:: Source data ::

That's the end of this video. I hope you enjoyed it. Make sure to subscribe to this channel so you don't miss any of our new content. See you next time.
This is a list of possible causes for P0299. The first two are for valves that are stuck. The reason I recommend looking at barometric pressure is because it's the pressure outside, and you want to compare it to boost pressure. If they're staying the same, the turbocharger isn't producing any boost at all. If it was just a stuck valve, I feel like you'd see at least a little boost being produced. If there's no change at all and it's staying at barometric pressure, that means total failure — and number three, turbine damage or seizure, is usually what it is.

:::
:: Source data ::

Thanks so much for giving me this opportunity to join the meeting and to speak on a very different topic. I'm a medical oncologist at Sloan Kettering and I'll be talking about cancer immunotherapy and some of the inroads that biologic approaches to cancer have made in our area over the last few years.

:::

Instructions to follow —
In the listing above, find the line with "That's the end" and the line with "This is a list". Output those two lines and every line between them, exactly as written.

Solution to this problem —
That's the end of this video. I hope you enjoyed it. Make sure to subscribe to this channel so you don't miss any of our new content. See you next time.
This is a list of possible causes for P0299. The first two are for valves that are stuck. The reason I recommend looking at barometric pressure is because it's the pressure outside, and you want to compare it to boost pressure. If they're staying the same, the turbocharger isn't producing any boost at all. If it was just a stuck valve, I feel like you'd see at least a little boost being produced. If there's no change at all and it's staying at barometric pressure, that means total failure — and number three, turbine damage or seizure, is usually what it is.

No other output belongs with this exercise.